The mediation of SIRT1 in lipid metabolism of livers has been demonstrated in recent studies, and SIRT1 expression negatively correlates with developing NAFLD[18, 19]. SIRT1 as NAD-dependent sirtuin-1 or nicotinamide adenine dinucleotide (NAD+) deacetylase, is highly conserved and involved in key processes related to hepatic fatty acid oxidation and synthesis[20, 21]. One study has shown that obese patients with hepatic steatosis had lower serum SIRT1 levels than mild steatosis, in addition to, the steatosis patients in both groups had lower serum SIRT1 levels than lean individuals[18]. The expression of SIRT1 protein exhibited a significant decrease in rats, mice, and in cultures hepatocytes by a high-fat induced diet[22, 23]. Furthermore, knockout of the liver-specific SIRT1 gene in mice resulted in enhanced inflammation, endoplasmic reticulum stress and hepatic steatosis[24], which confirming the important involvement of SIRT1 in improving lipid metabolism of hepatic. However, further studies are essential to resolve whether SIRT1 mediates the mechanism of GluOC-regulated lipid metabolism.

AMP-activated protein kinase (AMPK) participates in numerous metabolic processes in the body, maintains systemic energy balance under various stress conditions and regulating hepatic lipid metabolism[25]. Its phosphorylation at Thr172 is necessary to regulate lipid metabolism[26]. A study has shown that AMPK regulates acetyl-CoA carboxylase (ACC) and fatty acid synthetase (FASN) expression in DNL through sterol regulatory element binding protein-1c (SREBP-1c)[27]. Another study has shown that AMPK can also directly phosphorylate ACC and regulate its activity[28]. Some studies have shown that SIRT1 has benefits for lipid metabolism through reducing fatty acid chain synthesis via SIRT1/AMPK pathway in hepatocytes[20, 22–24, 29]. However, it has not been shown whether the SIRT1/AMPK pathway mediates mechanisms of GluOC-regulated lipid metabolism.

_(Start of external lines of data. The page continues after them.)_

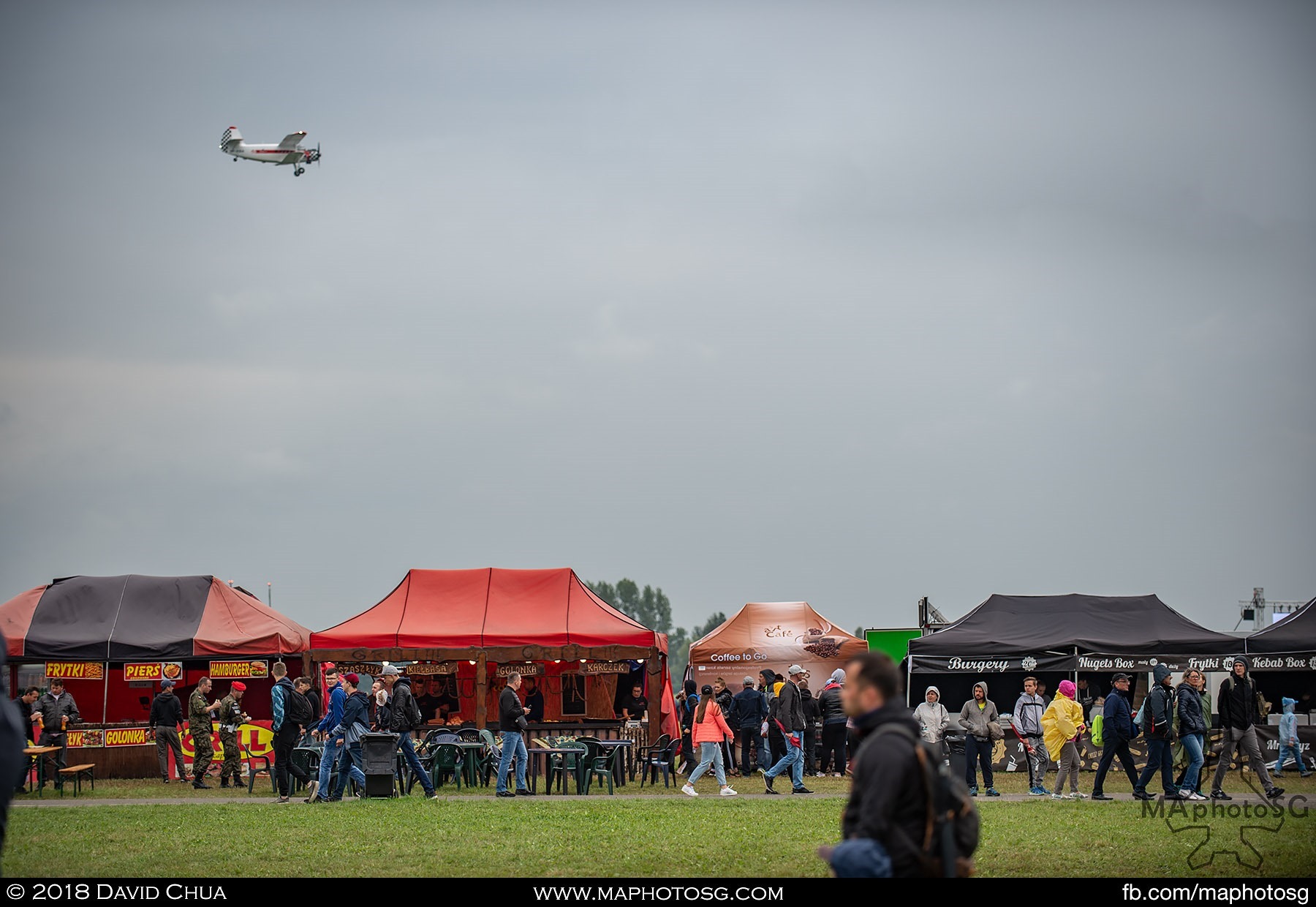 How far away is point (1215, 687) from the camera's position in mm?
25859

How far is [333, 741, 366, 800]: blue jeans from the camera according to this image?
47.8 ft

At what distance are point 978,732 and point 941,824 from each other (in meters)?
11.8

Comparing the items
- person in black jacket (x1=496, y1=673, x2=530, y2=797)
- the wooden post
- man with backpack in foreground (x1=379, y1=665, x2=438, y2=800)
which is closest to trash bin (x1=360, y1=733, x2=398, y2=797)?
man with backpack in foreground (x1=379, y1=665, x2=438, y2=800)

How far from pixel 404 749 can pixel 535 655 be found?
18.8 feet

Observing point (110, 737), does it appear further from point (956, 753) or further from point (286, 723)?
point (956, 753)

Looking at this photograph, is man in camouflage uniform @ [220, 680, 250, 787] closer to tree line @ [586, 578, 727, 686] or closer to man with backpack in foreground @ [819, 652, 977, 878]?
man with backpack in foreground @ [819, 652, 977, 878]

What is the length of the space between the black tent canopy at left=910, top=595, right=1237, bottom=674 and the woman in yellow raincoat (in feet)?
Result: 14.6

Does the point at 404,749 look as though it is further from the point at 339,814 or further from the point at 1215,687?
the point at 1215,687

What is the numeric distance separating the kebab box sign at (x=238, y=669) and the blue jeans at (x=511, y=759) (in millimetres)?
7573

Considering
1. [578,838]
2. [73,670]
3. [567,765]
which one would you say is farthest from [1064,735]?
[73,670]

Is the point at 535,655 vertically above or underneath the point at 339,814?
above

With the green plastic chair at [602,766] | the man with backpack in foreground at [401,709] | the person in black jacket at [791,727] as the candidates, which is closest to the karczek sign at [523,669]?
the man with backpack in foreground at [401,709]

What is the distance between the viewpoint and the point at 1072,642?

Peroxisome proliferator activated receptor γ coactivator-1 α (PGC-1α) is a direct downstream target of SIRT1 that enhances FAO[30, 31]. And as a transcriptional coactivator, PGC-1α promotes the target genes expression of mitochondrial oxidative metabolism, which include medium-chain acyl-CoA dehydrogenase (MCAD) and long-chain acyl-CoA dehydrogenase (LCAD) expression, which are the major enzymes involved in FAO[32–37]. The latest studies have demonstrated that SIRT1 activation facilitates PGC-1α deacetylation, promotes gene transcription that regulates mitochondrial biogenesis and FAO to maintain energy metabolic homeostasis[38–40]. Under high fat conditions, SIRT1 can modulate various intracellular homeostasis via modulation of mitochondrial function and lipid autophagy through PGC-1α[41]. These evidences suggest that SIRT1/PGC-1α pathway is critical in regulating NAFLD. However, it has not been shown whether the SIRT1/PGC-1α pathway mediates the lipid metabolism mechanisms regulated by GluOC.

In this study, a series of experiments were designed to comprehensively describe the potential involvement of SIRT1 mediates the mechanism of GluOC-regulated lipid metabolism and to investigate the mechanism underlying GluOC supplementation to improve lipid metabolism. This study first demonstrated that SIRT1 mediates the GluOC mechanism in alleviating hepatocyte lipid accumulation. GluOC inhibits DNL via SIRT1-AMPK pathway and promotes FAO via SIRT1-PGC-1α pathway.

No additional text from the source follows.